**Source records**:
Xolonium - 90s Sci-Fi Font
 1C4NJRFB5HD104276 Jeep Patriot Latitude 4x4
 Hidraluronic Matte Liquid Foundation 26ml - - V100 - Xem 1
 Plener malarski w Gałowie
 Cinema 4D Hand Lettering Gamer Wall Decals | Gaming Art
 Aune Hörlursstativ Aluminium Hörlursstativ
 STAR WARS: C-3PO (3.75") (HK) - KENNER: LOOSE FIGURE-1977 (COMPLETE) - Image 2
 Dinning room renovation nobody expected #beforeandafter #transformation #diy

**EXERCISE**:
Once more, write out the records above, exactly as they stand.

**EXERCISE SOLUTION**:
Xolonium - 90s Sci-Fi Font
 1C4NJRFB5HD104276 Jeep Patriot Latitude 4x4
 Hidraluronic Matte Liquid Foundation 26ml - - V100 - Xem 1
 Plener malarski w Gałowie
 Cinema 4D Hand Lettering Gamer Wall Decals | Gaming Art
 Aune Hörlursstativ Aluminium Hörlursstativ
 STAR WARS: C-3PO (3.75") (HK) - KENNER: LOOSE FIGURE-1977 (COMPLETE) - Image 2
 Dinning room renovation nobody expected #beforeandafter #transformation #diy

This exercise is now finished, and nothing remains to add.